Kevät linnuille etelässä Op.11-1 |
南の国の春の鳥 |
Täält' etelästä sinne pohjolaan Jo kevätlinnut lentää laulamaan. On sydän heillä Suomen lapsillen Niin hellä,lämmin -- kyllä tunnen sen. Olette,linnut,täynnä lauluja, Suloa,rakkautta,sointuja Ja keväthenkeä -- ne kaikki,ne Myös lahjoittakaa Suomen lapsille.
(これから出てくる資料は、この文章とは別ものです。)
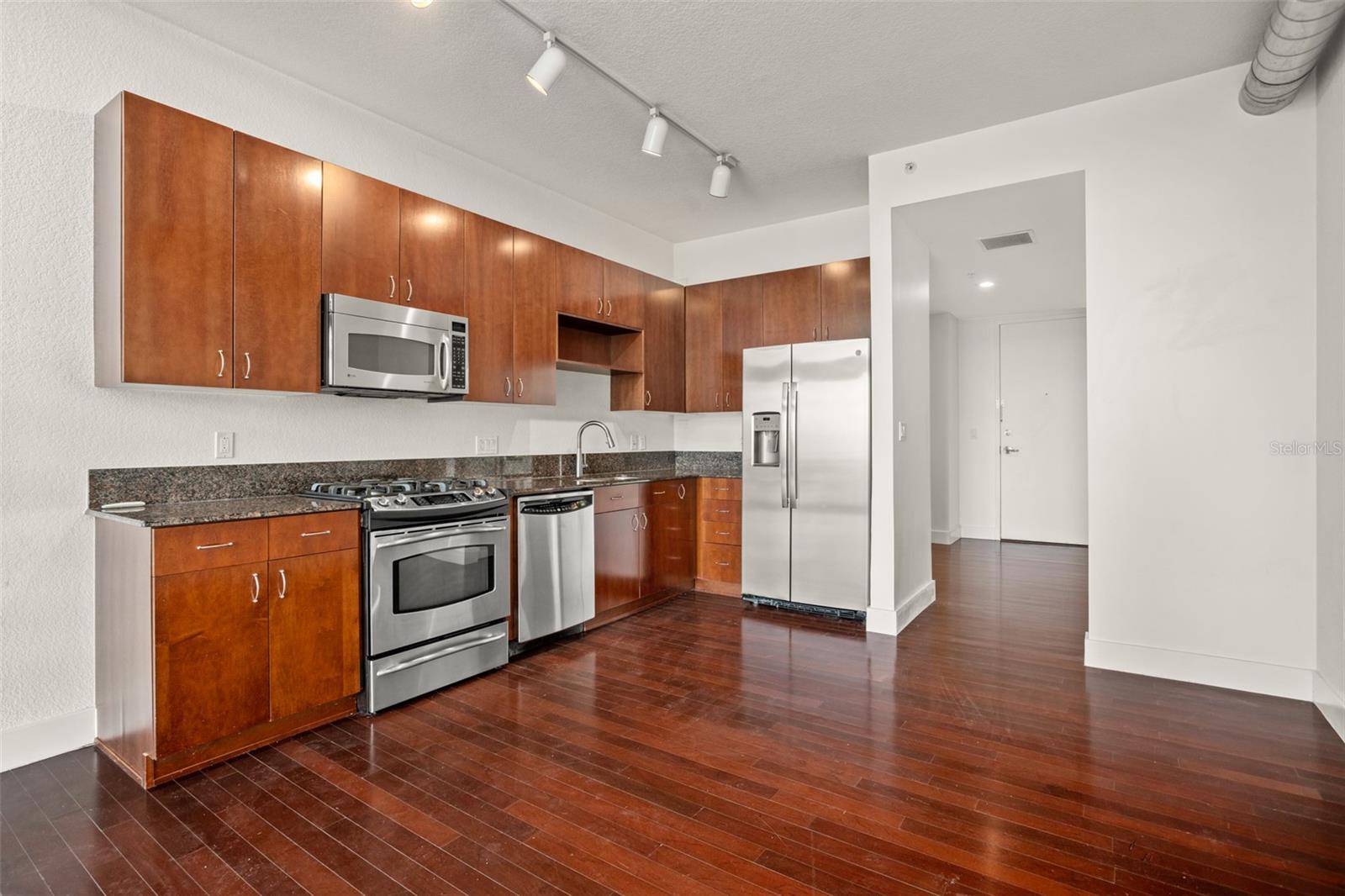 VUE/LK EOLA - Residential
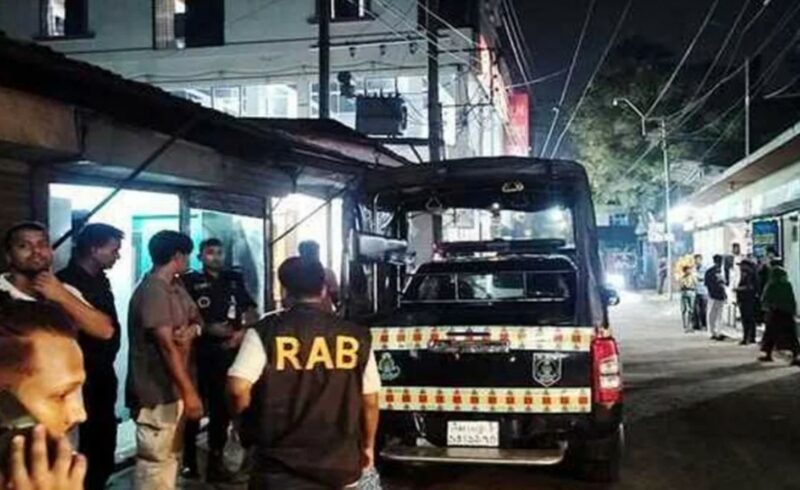 নারায়ণগঞ্জর সিদ্ধিরগঞ্জে শীর্ষ সন্ত্রাসী সাহেব আলীকে গ্রেপ্তারে গিয়ে হামলার শিকার হয়েছেন র‌্যাবের সদস্যরা। এ সময় র‌্যাবের তিন সদস্যসহ চারজন আহত হয়েছেন। সুযোগ বুঝে পালিয়ে যান সাহেব আলী।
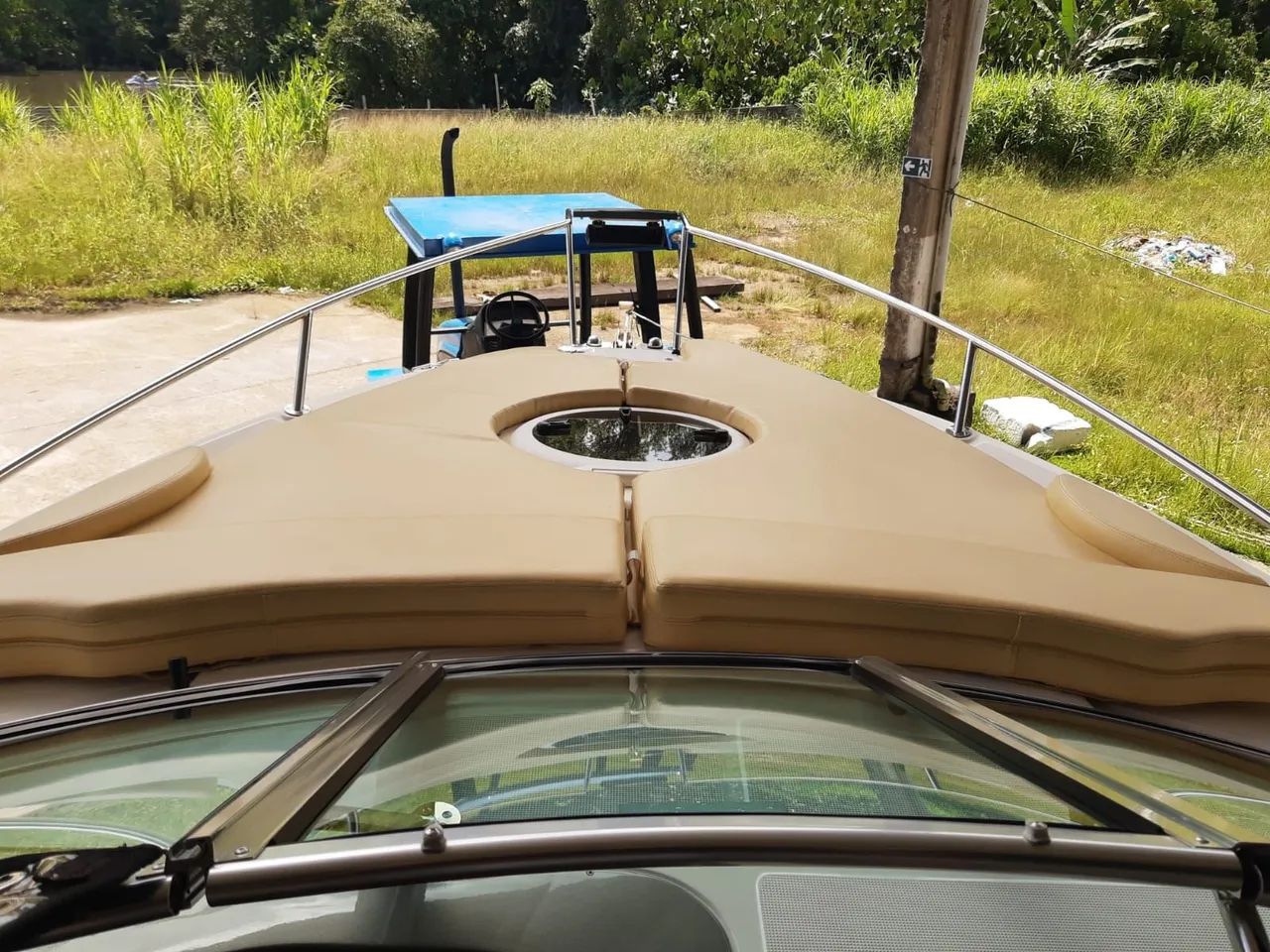 Lancha Focker 275 - Excelente <br>Motor Mercuty Diesel TDI  V6  260 HP<br>2018 - 600 horas - Foto 4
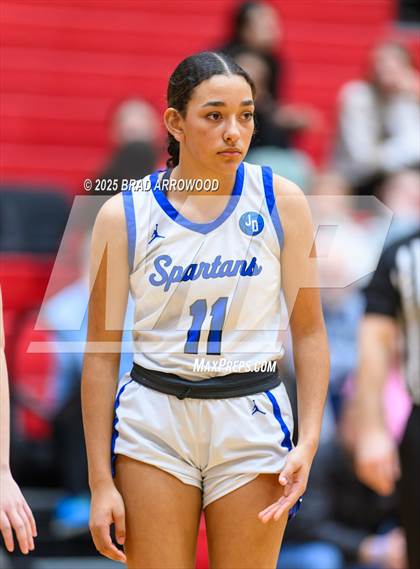 Thumbnail 2 in Statesville vs Community School of Davidson (North Iredell Holiday Classic) photogallery.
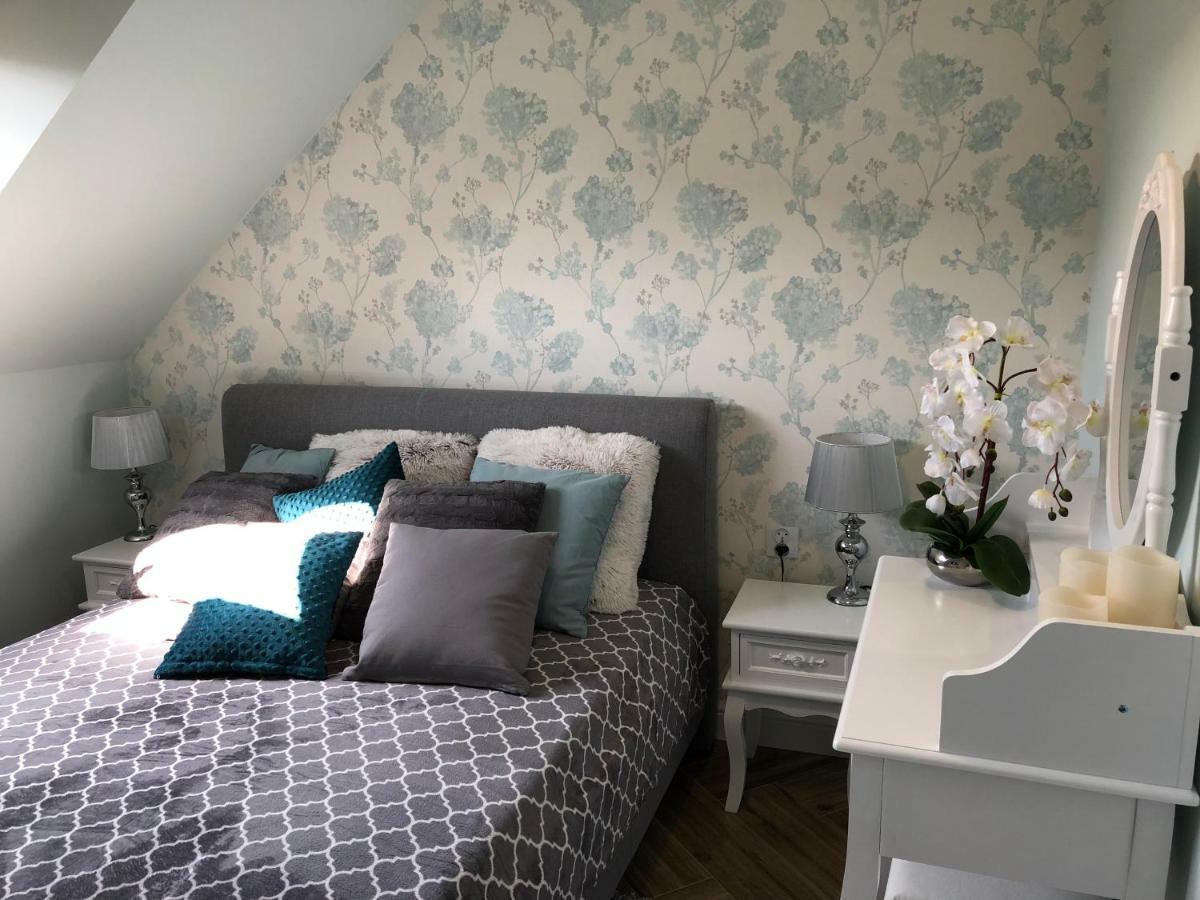 Family & Business Elegant Apartments Ul Warszawska - 2 Bedroom, Balcony, Parking キェルツェ エクステリア 写真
Ja lasten joukosta hän etsikää, Jok' uskollinen on ja ymmärtää. Hänelle tiukuttakaa erikseen Mun sydämmeni laulut sydämmeen. |
南の国から北の国へと向かい 春の鳥たちは歌いながら飛んでくる かれらの思いはスオミの子供たちに届く 本当にやさしく暖かく--ぼくはそう感じる お前たち 鳥よ 歌に溢れてる 優しさが 愛が ハーモニが そして春の息吹が--それらすべてを スオミの子供たちに届けておくれ ぼくはきみにお願いしたい 彼女を探してくれることを あの娘は誠実で 聡明なんだ 彼女には特別の歌を歌っておくれ ぼくの心をあの娘の心へ響かせておくれ |
フィンランドのメロディスト、オスカル・メリカントのとても素敵な春の歌です。
まるでシャンソンのように優美なメロディ、フィンランド語のやわらかい響きも生き生きとして、歌詞と共に実に印象深い歌になりました。短調のメロディで少し悲しげに歌われるのが少し不思議といえば不思議ですが、南の国からやってくる渡り鳥の姿を見ての春の喜びと、そして恋する人への届かぬ想いを歌っています。
バリトンのヒュンニネンの歌うメリカント歌曲集(Finlandia)、あるいはソプラノのマッティラの歌うフィンランド歌曲集(Ondine)などで聴くことができます。
「スオミ」といえばフィンランドの人々が自分の国を呼ぶときの言葉。わかりやすいように「フィンランドの」としても良かったのですけれども、やはりここでの歌の響きを聴くと無粋な「フィンランド(外国人が「さいはての地」と呼んでいる名)」を使うのは憚られましたのでちょっとこの言葉にこだわってみました。